Implementation and Experiments

Constructing a CRATE model

A CRATE model can be defined using the following code, (the below parameters are specified for CRATE-Tiny)

from model.crate import CRATE
dim = 384
n_heads = 6
depth = 12
model = CRATE(image_size=224,
              patch_size=16,
              num_classes=1000,
              dim=dim,
              depth=depth,
              heads=n_heads,
              dim_head=dim // n_heads)

Pre-trained Checkpoints (ImageNet-1K)

modeldimn_headsdepthpre-trained checkpoint
CRATE-T(iny)384612TODO
CRATE-S(mall)5761212download link
CRATE-B(ase)7681212TODO
CRATE-L(arge)10241624TODO

Training CRATE on ImageNet

To train a CRATE model on ImageNet-1K, run the following script (training CRATE-tiny)

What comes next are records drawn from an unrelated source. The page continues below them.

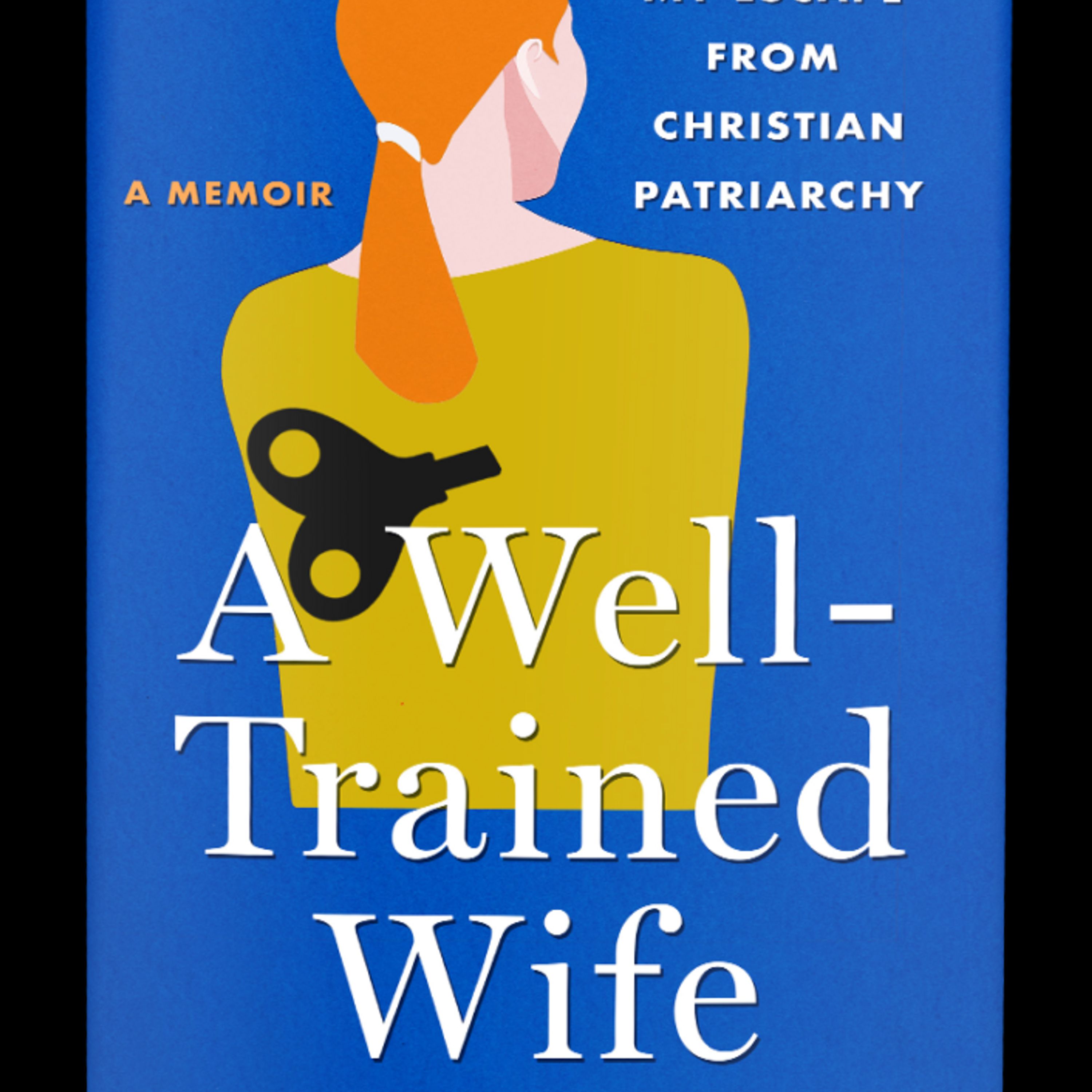 A Former Trad Wife on What It Actually Takes To Leave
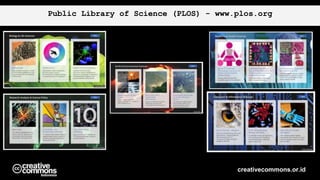 Public Library of Science (PLOS) - www.plos.org
creativecommons.or.id
 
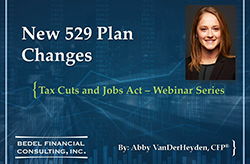 Image for Tax Cuts and Jobs Act Series - #7: New 529 Plan Changes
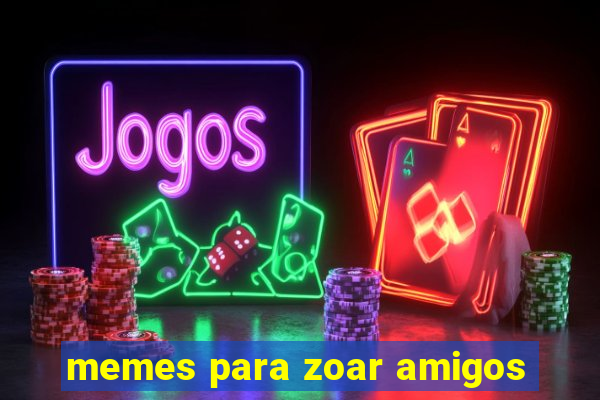 memes para zoar amigos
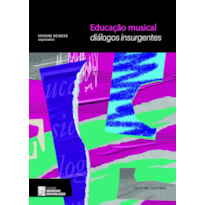 EDUCAÇÃO MUSICAL: DIÁLOGOS INSURGENTES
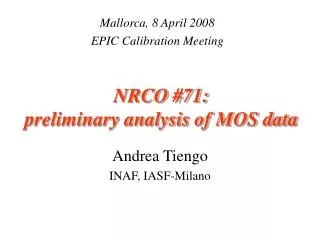 NRCO #71: preliminary analysis of MOS data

As an example, we use the following command for training CRATE-tiny on ImageNet-1K:

python main.py 
  --arch CRATE_tiny 
  --batch-size 512 
  --epochs 200 
  --optimizer Lion 
  --lr 0.0002 
  --weight-decay 0.05 
  --print-freq 25 
  --data DATA_DIR

and replace DATA_DIR with [imagenet-folder with train and val folders].

Finetuning pretrained / training random initialized CRATE on CIFAR10

python finetune.py 
  --bs 256 
  --net CRATE_tiny 
  --opt adamW  
  --lr 5e-5 
  --n_epochs 200 
  --randomaug 1 
  --data cifar10 
  --ckpt_dir CKPT_DIR 
  --data_dir DATA_DIR

Replace CKPT_DIR with the path for the pretrained CRATE weight, and replace DATA_DIR with the path for the CIFAR10 dataset. If CKPT_DIR is None, then this script is for training CRATE from random initialization on CIFAR10.

Demo: Emergent segmentation in CRATE

CRATE models exhibit emergent segmentation in their self-attention maps solely through supervised training. We provide a Colab Jupyter notebook to visualize the emerged segmentations from a supervised CRATE model. The demo provides visualizations which match the segmentation figures above.

Link: crate-emergence.ipynb (in colab)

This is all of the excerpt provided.